What is the Alternative?

Studies have shown that one in three EV owners power their EV via solar with an increasing number considering the natural combination. Currently the most amicable relationship between solar providers and the utility companies is net metering. It is a basic concept where the power company buys and sells to solar generators at the same rate. This will always be the best practice for solar generators though until you consider the duck (peak load), not so for utilities. So what happens if utilities and politicians fight against net metering and other renewable credits? Remember now that one in three EV drivers are also solar adopters. If adopters of both of these technologies are penalized then they will most likely have no desire to help the grid and use their EV, or old EV battery, or future solar storage devices for their solar arrays.

How far away is a real battery storage solution?

Residential solar and EVs are coming and so is battery storage. By now, most of you are aware of the modern day Edison and Henry Ford of our time, Elon Musk. Recently Mr. Musk has released plans to build a 5 billion dollar US based Giga battery plant capable of producing batteries equal to the current global output of all lithium batteries.
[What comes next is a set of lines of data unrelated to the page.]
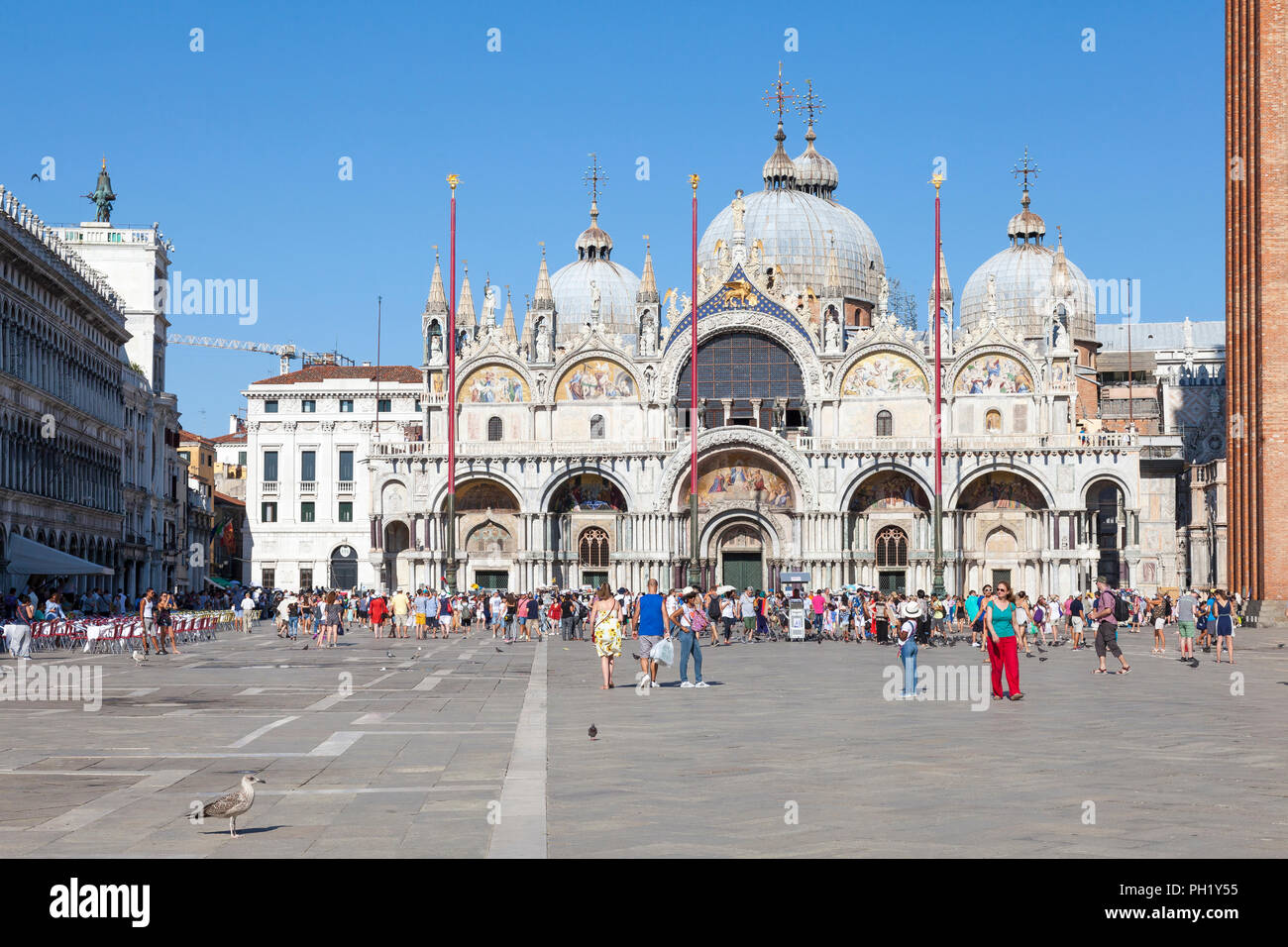 I turisti viewng Basilica San Marco (ST MARKS Cattedrale), Piazza San Marco, Piazza San Marco, San Marco, Venezia, veneto, Italia, cielo blu serata estiva Foto Stock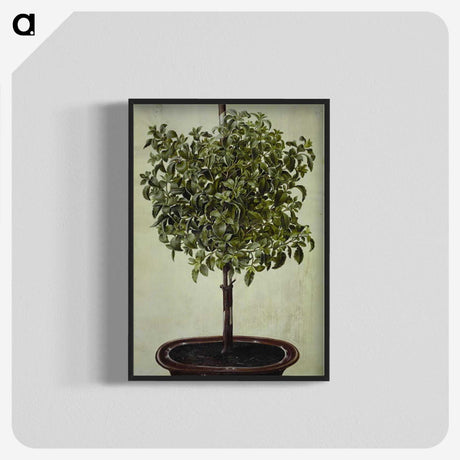 2-32_Maria-Sibylla-Merian_blk-crop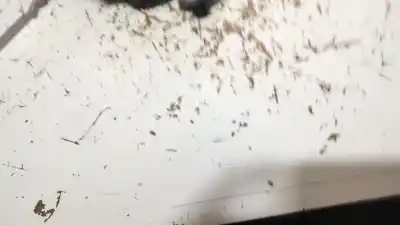 Second-hand car spare part turbocharger for citroen berlingo 1.9 d x familiar oem iam references 9682881380 4917307506 25s206t4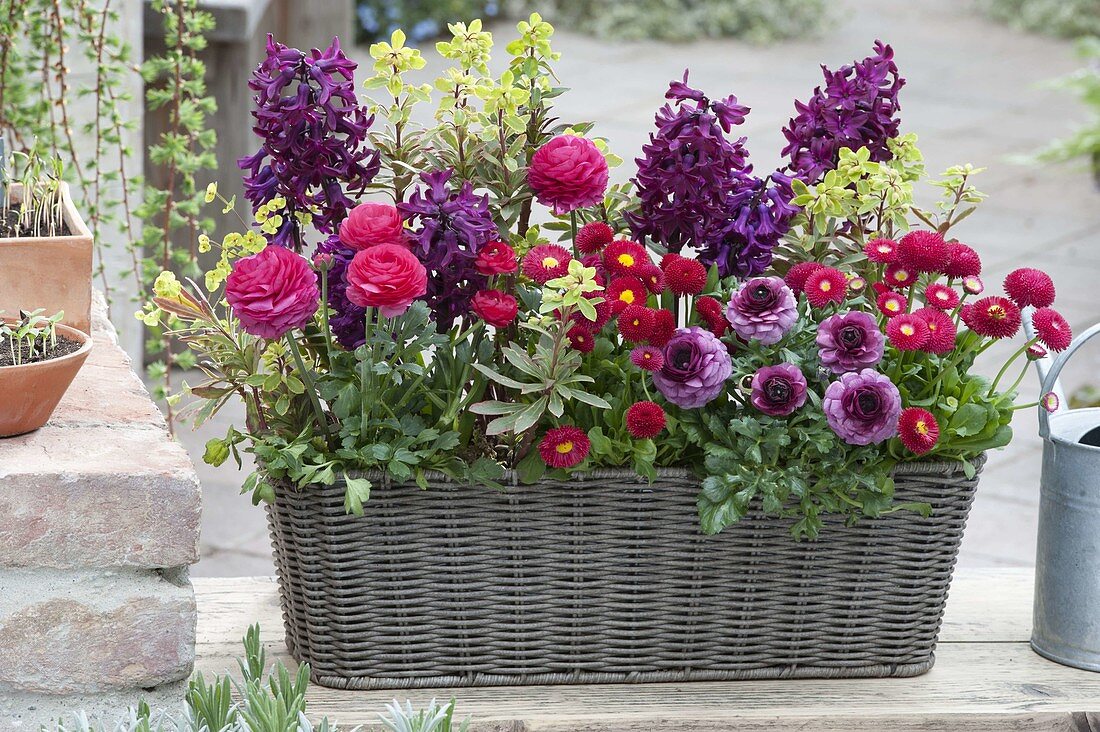 Korbkasten mit Hyacinthus 'Woodstock' (Hyazinthen), Ranunculus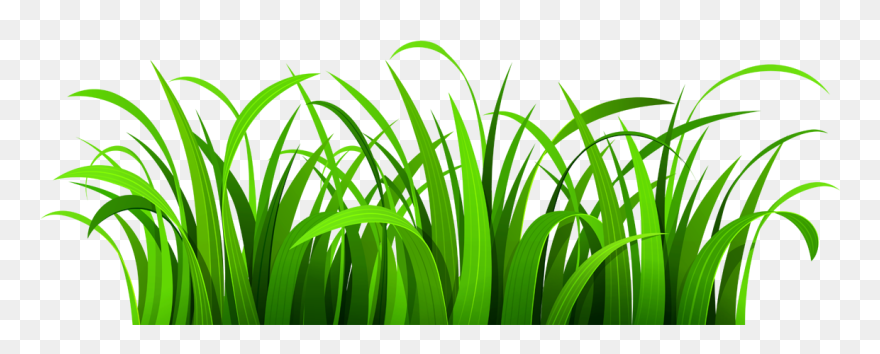 Nice Green And Beautiful Lawn Clipart Vector Transparent - Clipart Transparent Background Grass - Png Download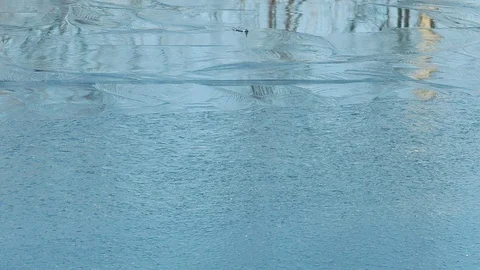 Fish are not caught, the ice prevented fishing Stock Footage 81992159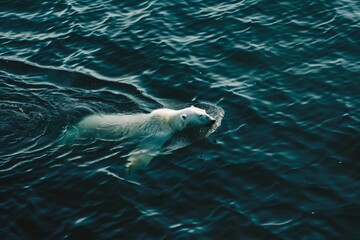 Naklejka premium A polar bear gracefully swims through the dark, rippled waters, its white fur contrasting beautifully against the deep blue surroundings.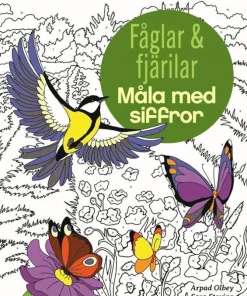 Fåglar och fjärilar : måla med siffror
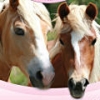 Pony Friends: Mini Breeds Edition (XSX) game cover art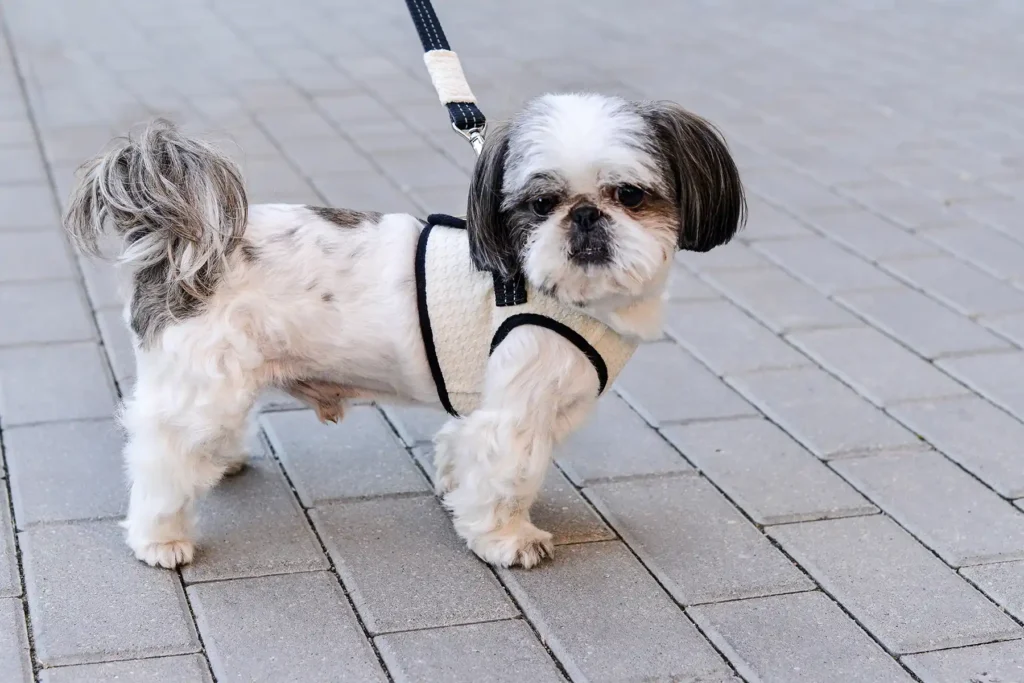 dogs in harnesses stand on the sidewalk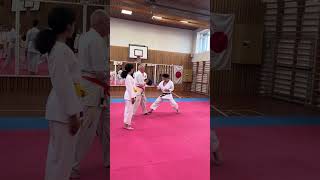 Toyama-Sensei demonstrating chudan gyaku-zuki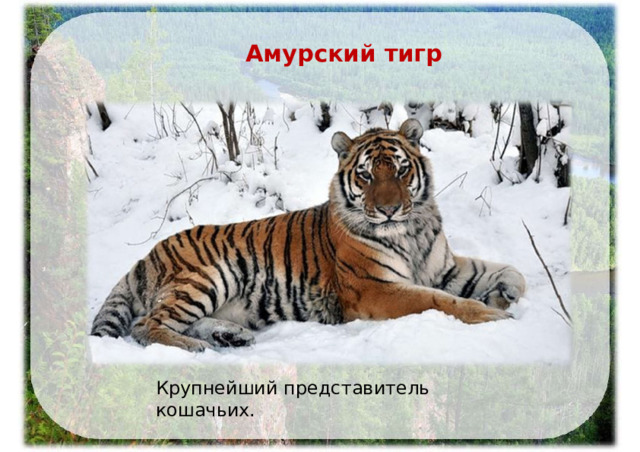 Амурский  тигр Крупнейший  представитель  кошачьих. 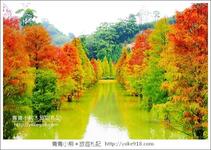https://imgs.plurk.com/QzR/8PU/rVIcVC9RvkgmoZEd97sP68qIh7d_lg.jpg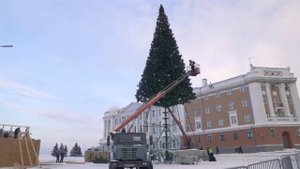 Сборка ствольной уличной елки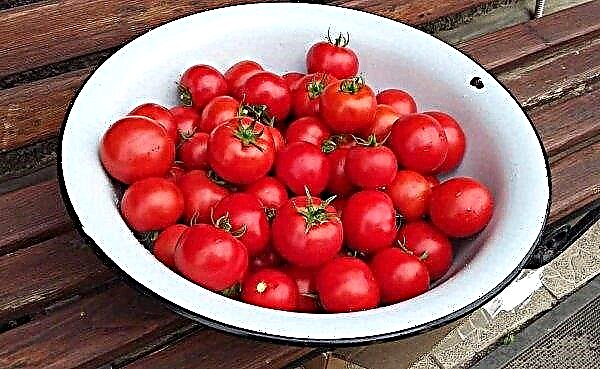 トマト「リュバシャf1」：品種の特徴と説明、写真、収量、植栽と手入れ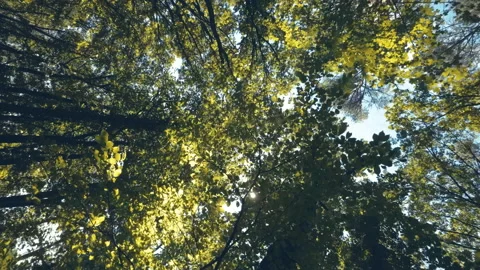 Walking  Through a Green Forest Looking Straight Up Into the Branches.Sun rays Stock Footage 197847656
The plant will serve two purposes. First it will supply batteries to Tesla Motors 2017-18 Model E sedan. Second, it will produce battery storage devices for residential solar at a fraction of today’s prices and we know when. Between 2017-2018. That is less than five years out.

 

The best solution for solar generators will always be a symbiotic relationship with utilities.  If we choose to penalize solar installations however, then the real disruption will occur when PV residential solar/EV owners elect to use their own storage opposed to paying penalties to the utility companies.

As an engineer and a current user of both of these technologies, I really wonder if the utilities have thought this through? If the solar/EV owners elect for battery storage, then the current utility argument that cost will be spread to all consumers has just gotten worse. Ask your current utility/politician to stay on point and answer the question to what is the number one cause of raising your power bill. The answer is, and always will be dealing with duck (peak demand). If the combination of EVs and solar can reduce peak demand by filling the belly and flattening the head of the duck, should utilities and politicians not support the solutions that benefit everyone?

The problem is pretty straight forward. The scenarios are good for everyone except the utilities. The solution controls peak demand for now, but is a long term loss of revenue for utilities and their investors as renewables expand. So the decision has been made by utilities to fight to slow the expansion. The problem is that the solar/EV genie is out of the bottle, and though battery storage is less desirable than a continued partnership with utilities,  battery storage may soon become more viable. The utilities are making a stand that it is not in their interest to host a future business model with a loss of revenue. Given the stand off,  it is likely solar/EV adopters will choose their independent path in the very near future. 

PVWatts calculator is a useful tool to analyse how much energy can be produced in your area. The benefits of solar vary by region and is not the solution to all energy needs, but clearly the combination of solar and EVs can have a positive, not negative impact on the duck.